Mr Bremer, who governed Iraq after the US invasion and transferred power to an US-installed interim government on June 28, said Washington did not anticipate a widespread insurgency when it invaded Iraq.
The Bush administration, he said, had only prepared for a law and order situation and for a major displacement of refugees within Iraq. We never had enough troops on the ground to deal with a large scale insurgency, he told an insurance conference in West Virginia.
The looting that followed Baghdad's fall established an atmosphere of lawlessness and the US-led administration had to pay a big price for not stopping it, he said.
Mr Bremer said as Iraq's American ruler, he had advised Washington to revise its security plan but his suggestions were ignored. "The single-most important change that would have improved the situation would have been having more troops in Iraq at the beginning and throughout the occupation," Mr Bremer said. But the former American governor of Iraq said now he fully supports the Bush administration's plan for training Iraqi security forces and its current strategy for staying engaged with the interim Iraqi government.
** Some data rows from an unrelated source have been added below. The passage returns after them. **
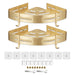 Luxury Shower Corner Shelf Storage Rack Bathroom Kitchen Bedroom Caddy Organiser (Brushed Gold, Pack of 2)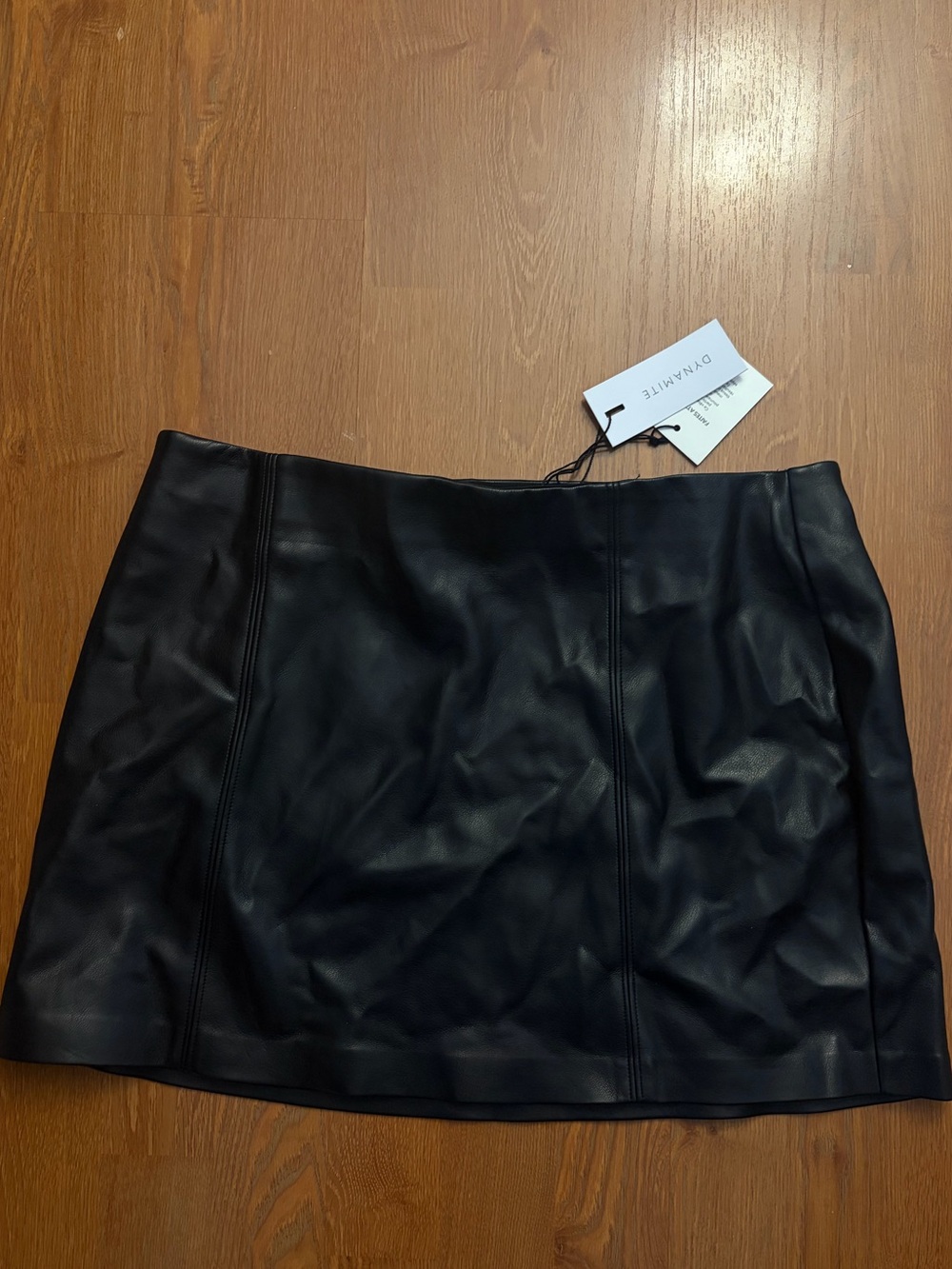 Dynamite Black Faux Leather Mini Skirt - Seam Panel Detail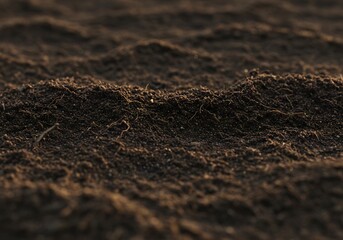 Dark soil texture subtly illuminated by warm light. AI Generated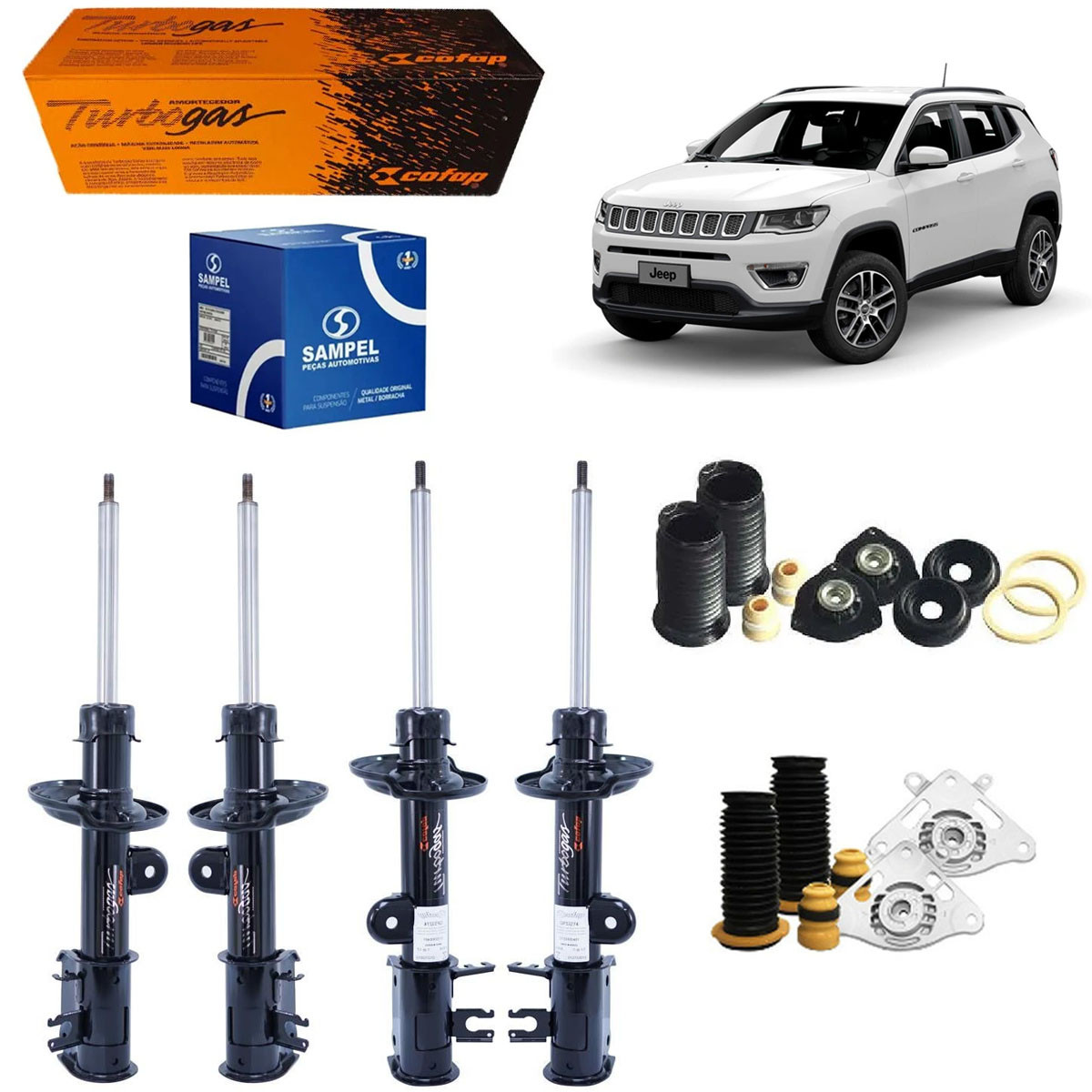 4 Amortecedores Cofap + Kits Sampel Compass 2.0 4X4 At9 17/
"I believe that we currently have sufficient troop levels in Iraq," he said in an e-mailed statement. He said all references in recent speeches to troops levels related to the situation when he arrived in Baghdad in May 2003 "and when I believed we needed either more coalition troops or Iraqi security forces to address the looting".
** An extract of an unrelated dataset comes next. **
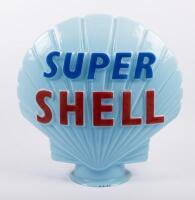 SHELL: A c1960s 'Super Shell' blue glass petrol pump globe, manufactured by Hailware, measures approximately 45cm high, 43cm wide - 5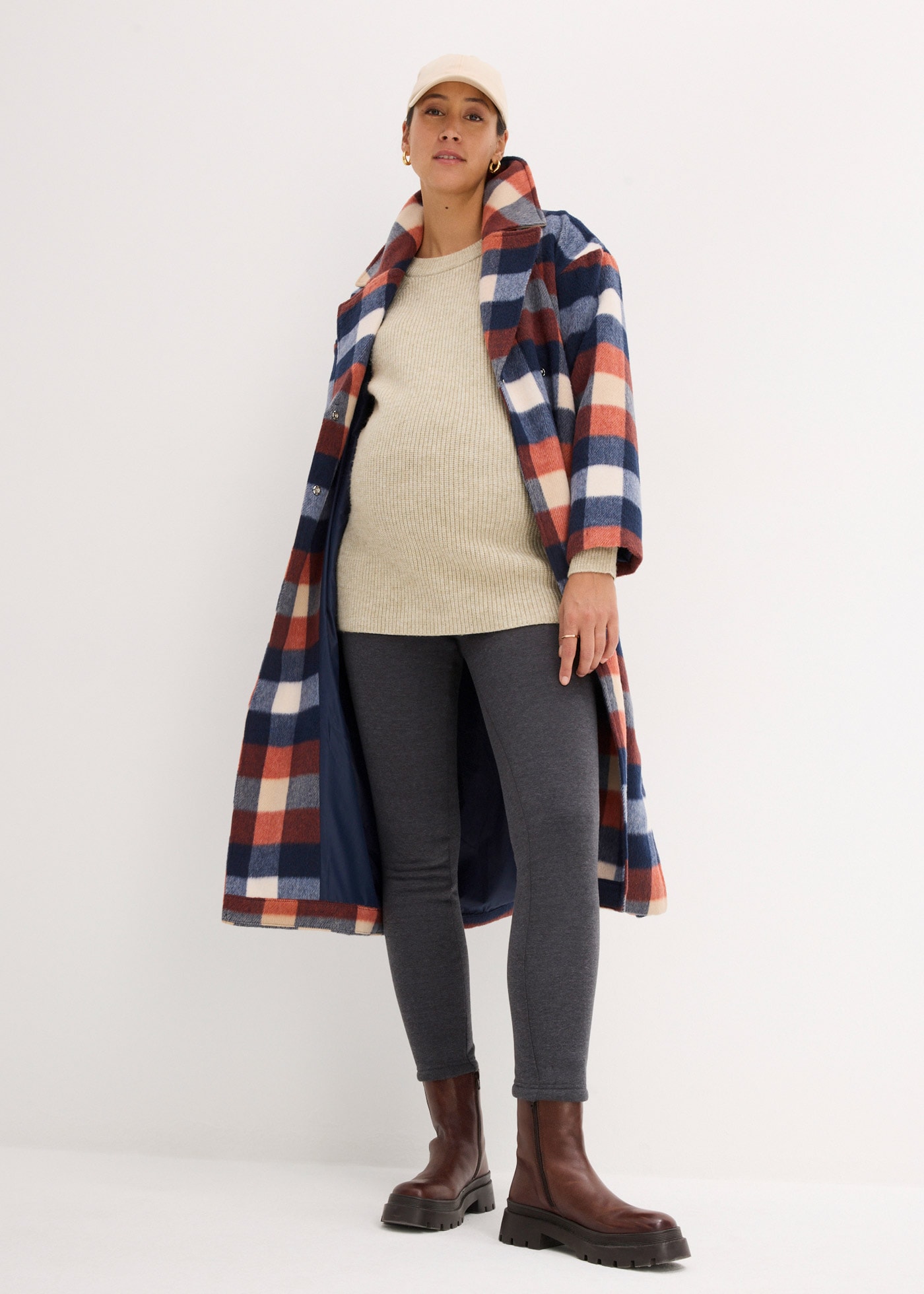 bonprix Umstandsleggings  mit hellem Teddyfleece gefüttert, Skinny Fit, mit breitem Jerseybund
Mr Bremer also said he believes winning the war in Iraq is an "integral part of fighting this war on terror". In his speech to insurance agents, Mr Bremer said US plans for the post-war period erred in projecting what would happen after Saddam Hussein's collapse, focusing on preparing for humanitarian relief and widespread refugee problems rather than a prolonged insurgency. "There was planning, but planning for a situation that didn't arise," he said.